## What the task requires
Give back exactly the first lines of the entries below, through the line with "27858 Lobster Tail Trail Property Photo 9".

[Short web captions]
──────────

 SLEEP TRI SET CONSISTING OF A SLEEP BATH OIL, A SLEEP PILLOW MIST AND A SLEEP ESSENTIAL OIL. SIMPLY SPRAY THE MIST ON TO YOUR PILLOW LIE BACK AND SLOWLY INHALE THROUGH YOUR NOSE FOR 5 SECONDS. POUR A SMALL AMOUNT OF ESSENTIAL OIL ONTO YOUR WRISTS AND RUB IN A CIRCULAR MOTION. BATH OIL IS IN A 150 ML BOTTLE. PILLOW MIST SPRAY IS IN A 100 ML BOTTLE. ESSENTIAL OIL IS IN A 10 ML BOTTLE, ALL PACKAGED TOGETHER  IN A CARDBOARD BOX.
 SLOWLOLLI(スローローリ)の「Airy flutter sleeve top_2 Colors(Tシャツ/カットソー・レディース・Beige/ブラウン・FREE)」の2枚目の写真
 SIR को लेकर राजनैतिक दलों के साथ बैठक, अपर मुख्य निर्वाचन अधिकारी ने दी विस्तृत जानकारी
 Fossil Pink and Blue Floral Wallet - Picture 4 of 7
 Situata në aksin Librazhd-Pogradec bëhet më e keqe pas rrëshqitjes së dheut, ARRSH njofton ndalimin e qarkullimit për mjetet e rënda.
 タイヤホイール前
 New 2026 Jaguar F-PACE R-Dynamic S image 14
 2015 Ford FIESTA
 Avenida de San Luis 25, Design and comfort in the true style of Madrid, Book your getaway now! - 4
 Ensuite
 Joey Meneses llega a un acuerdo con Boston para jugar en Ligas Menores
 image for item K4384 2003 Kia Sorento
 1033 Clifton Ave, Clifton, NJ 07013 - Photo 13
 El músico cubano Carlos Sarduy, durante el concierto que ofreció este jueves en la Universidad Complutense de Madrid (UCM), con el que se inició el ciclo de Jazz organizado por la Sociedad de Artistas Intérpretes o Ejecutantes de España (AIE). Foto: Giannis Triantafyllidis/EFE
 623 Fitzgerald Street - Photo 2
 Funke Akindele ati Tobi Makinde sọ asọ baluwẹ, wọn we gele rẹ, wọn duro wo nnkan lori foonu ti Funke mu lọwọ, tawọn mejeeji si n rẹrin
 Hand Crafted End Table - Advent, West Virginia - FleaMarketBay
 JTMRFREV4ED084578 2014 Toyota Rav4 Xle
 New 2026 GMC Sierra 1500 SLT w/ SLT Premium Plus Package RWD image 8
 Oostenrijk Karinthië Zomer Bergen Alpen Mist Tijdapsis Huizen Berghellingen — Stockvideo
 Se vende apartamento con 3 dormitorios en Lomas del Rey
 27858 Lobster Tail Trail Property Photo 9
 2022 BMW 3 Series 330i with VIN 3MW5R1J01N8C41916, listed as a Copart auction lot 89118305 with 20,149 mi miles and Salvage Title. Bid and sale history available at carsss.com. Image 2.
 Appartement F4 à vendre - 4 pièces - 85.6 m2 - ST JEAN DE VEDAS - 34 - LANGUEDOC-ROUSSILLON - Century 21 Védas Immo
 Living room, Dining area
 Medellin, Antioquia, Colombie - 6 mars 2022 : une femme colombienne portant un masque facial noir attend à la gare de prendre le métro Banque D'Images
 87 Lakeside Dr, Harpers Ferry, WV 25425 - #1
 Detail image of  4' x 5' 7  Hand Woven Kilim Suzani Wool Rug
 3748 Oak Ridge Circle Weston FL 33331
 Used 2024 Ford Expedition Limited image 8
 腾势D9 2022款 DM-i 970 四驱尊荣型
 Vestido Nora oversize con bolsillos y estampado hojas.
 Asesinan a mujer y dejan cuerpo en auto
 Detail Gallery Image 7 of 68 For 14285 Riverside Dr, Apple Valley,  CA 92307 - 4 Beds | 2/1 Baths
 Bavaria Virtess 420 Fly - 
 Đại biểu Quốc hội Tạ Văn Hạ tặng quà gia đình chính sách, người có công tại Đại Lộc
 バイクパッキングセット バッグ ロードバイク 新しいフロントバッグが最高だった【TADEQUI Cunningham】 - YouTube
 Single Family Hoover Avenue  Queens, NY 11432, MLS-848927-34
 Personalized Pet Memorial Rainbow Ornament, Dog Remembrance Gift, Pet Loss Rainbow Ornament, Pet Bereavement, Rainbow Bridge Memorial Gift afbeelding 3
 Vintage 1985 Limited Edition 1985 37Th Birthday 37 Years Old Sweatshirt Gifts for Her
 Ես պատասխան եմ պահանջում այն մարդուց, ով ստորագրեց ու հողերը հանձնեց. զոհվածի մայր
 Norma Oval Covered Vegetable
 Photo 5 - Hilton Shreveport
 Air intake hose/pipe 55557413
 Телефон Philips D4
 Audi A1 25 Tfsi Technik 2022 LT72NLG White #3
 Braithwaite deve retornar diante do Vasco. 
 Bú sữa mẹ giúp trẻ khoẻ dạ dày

──────────

## Solution for this problem
 SLEEP TRI SET CONSISTING OF A SLEEP BATH OIL, A SLEEP PILLOW MIST AND A SLEEP ESSENTIAL OIL. SIMPLY SPRAY THE MIST ON TO YOUR PILLOW LIE BACK AND SLOWLY INHALE THROUGH YOUR NOSE FOR 5 SECONDS. POUR A SMALL AMOUNT OF ESSENTIAL OIL ONTO YOUR WRISTS AND RUB IN A CIRCULAR MOTION. BATH OIL IS IN A 150 ML BOTTLE. PILLOW MIST SPRAY IS IN A 100 ML BOTTLE. ESSENTIAL OIL IS IN A 10 ML BOTTLE, ALL PACKAGED TOGETHER  IN A CARDBOARD BOX.
 SLOWLOLLI(スローローリ)の「Airy flutter sleeve top_2 Colors(Tシャツ/カットソー・レディース・Beige/ブラウン・FREE)」の2枚目の写真
 SIR को लेकर राजनैतिक दलों के साथ बैठक, अपर मुख्य निर्वाचन अधिकारी ने दी विस्तृत जानकारी
 Fossil Pink and Blue Floral Wallet - Picture 4 of 7
 Situata në aksin Librazhd-Pogradec bëhet më e keqe pas rrëshqitjes së dheut, ARRSH njofton ndalimin e qarkullimit për mjetet e rënda.
 タイヤホイール前
 New 2026 Jaguar F-PACE R-Dynamic S image 14
 2015 Ford FIESTA
 Avenida de San Luis 25, Design and comfort in the true style of Madrid, Book your getaway now! - 4
 Ensuite
 Joey Meneses llega a un acuerdo con Boston para jugar en Ligas Menores
 image for item K4384 2003 Kia Sorento
 1033 Clifton Ave, Clifton, NJ 07013 - Photo 13
 El músico cubano Carlos Sarduy, durante el concierto que ofreció este jueves en la Universidad Complutense de Madrid (UCM), con el que se inició el ciclo de Jazz organizado por la Sociedad de Artistas Intérpretes o Ejecutantes de España (AIE). Foto: Giannis Triantafyllidis/EFE
 623 Fitzgerald Street - Photo 2
 Funke Akindele ati Tobi Makinde sọ asọ baluwẹ, wọn we gele rẹ, wọn duro wo nnkan lori foonu ti Funke mu lọwọ, tawọn mejeeji si n rẹrin
 Hand Crafted End Table - Advent, West Virginia - FleaMarketBay
 JTMRFREV4ED084578 2014 Toyota Rav4 Xle
 New 2026 GMC Sierra 1500 SLT w/ SLT Premium Plus Package RWD image 8
 Oostenrijk Karinthië Zomer Bergen Alpen Mist Tijdapsis Huizen Berghellingen — Stockvideo
 Se vende apartamento con 3 dormitorios en Lomas del Rey
 27858 Lobster Tail Trail Property Photo 9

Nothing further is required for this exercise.